It’s neat when people are working hard… and getting stuff done. (Wish: that the stuff were better designed so that I didn’t need to help with navigation, and we could focus on the math.) There was much “productive struggle” happening.
The analogy of the day: “Tricks” such as arbitrary memorized “scaffolds” and strategies like scanning for key words are like teaching students to hold their noses while they swim. Yes, they’ll survive and even get somewhere, but they’re wasting the use of the arm and exhausting themselves holding their breaths and gasping.
Hmmm… that one might be a keeper with a little refining. It doesn’t apply to, say, using the calculator for basic integer addition and subtraction — that’s like pulling on the rope. Yea, you’ll **ZOOM** down the pool but if I take the rope away, you will DROWN (in your tears at midterm because of the huge part of the test that’s “no calculator”).
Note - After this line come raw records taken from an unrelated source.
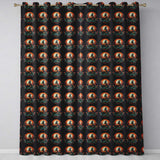 Haunted Pumpkin Landscape with Moon and Trees Seamless Pattern  Readymade Eyelet Ring Top Thermal 100% Blackout Curtains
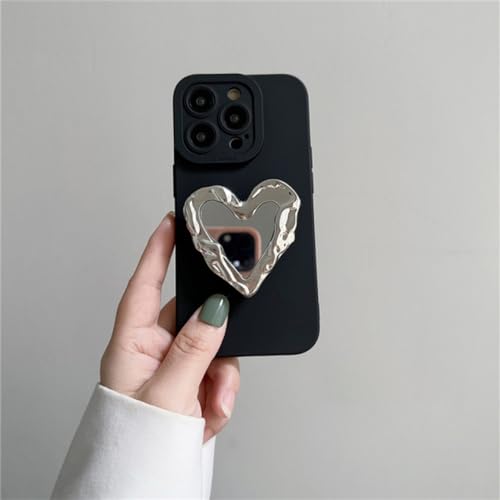 NevStp Love Heart Ringhalter Ständer Handyhülle für iPhone 14 15 Pro Max 12 13 Pro 11 8 Plus XS XR Beschichtung Weiche Rückseite, Schwarz, für iPhone X XS von NevStp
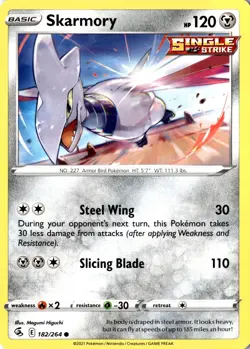 Skarmory 182/264 Common SV Fusion Strike LP Pokemon Card Single Strike - Image 1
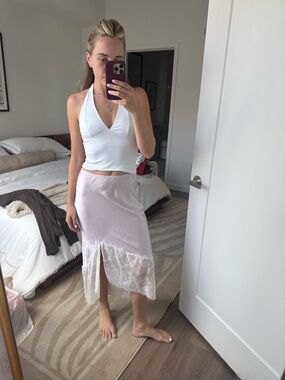 Free People Lace-Trim Lilac Midi Skirt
The last ALEKS lesson for the very first week of pre-Algebra is that horrible set of paired questions wherein one is an addition problem, the other subtraction. For both of them you have to do the opposite sign to solve it. You also have to remember that “higher than” and “lower than” questions will always be answered with a positive number. IMNSHO you don’t spring that kind of mess on students week 1. At the Sue Geonz School for Cosmic Enlightenment and Good Grammar, it won’t be necessary.